At the same time, all three choices come out of the moderate wing of the Democratic Party. Blinken is a longtime aide to Biden going back to his tenure as chairman of the Senate Foreign Relations Committee. He has emphasised in the last year how a Biden administration would focus on rebuilding relationships with allies that Trump has disrupted.
He has also signalled that he is more clear-eyed on Middle East policy than his party’s progressive activists. Last month, for example, Blinken told the Insider that even if the Biden administration suspends nuclear-related sanctions on Iran, “we will continue non-nuclear sanctions as a strong hedge against Iran in other areas.” If Biden keeps that promise, then Iran would still be under considerable financial pressure because the Trump administration has ramped up sanctions on Iran for its support of terrorism.
In other areas of the world, Biden is not quite reading from the progressive playbook. That May letter to Biden urged him to reject efforts to work to unseat the regimes of adversaries and oppose the “broad based” sanctions on Iran and Venezuela. But in a talk last year at the Hudson Institute, Sullivan wasn’t in complete agreement. When asked about Trump’s Venezuela policy, he said a military intervention was too risky, and that it was wiser to focus on nonmilitary policy. “That means doubling down on the sanctions pieces and continuing to build the international coalition around this and particularly focus on breaking off China, Cuba and Russia from Venezuela,” Sullivan said.

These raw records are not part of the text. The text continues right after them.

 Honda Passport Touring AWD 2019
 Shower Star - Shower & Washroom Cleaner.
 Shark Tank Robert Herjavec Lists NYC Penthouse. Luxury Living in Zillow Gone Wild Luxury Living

Flournoy, too, is a centrist on defence policy. She has publicly opposed significant defence cuts and advocated for rebuilding the military to meet new challenges from China and Russia. This was a key point of her testimony before the House Armed Services Committee last year, when she said her primary concern was that a miscalculation by Russia or China could lead to a major confrontation with the US. She advocated that the US “procure and deploy all of the systems necessary” to deter both countries from any misbehaviour.
Compare that to the May 11 letter from progressives, which called for greater diplomatic engagement with Russia and China. “Overhyping the threat these countries pose to the United States intensifies fear, racism, and hate domestically,” it said.
It’s still very early days to assess what a Biden foreign policy will look like. Nonetheless, Biden’s early signals show that, for now at least, he is charting a centrist course.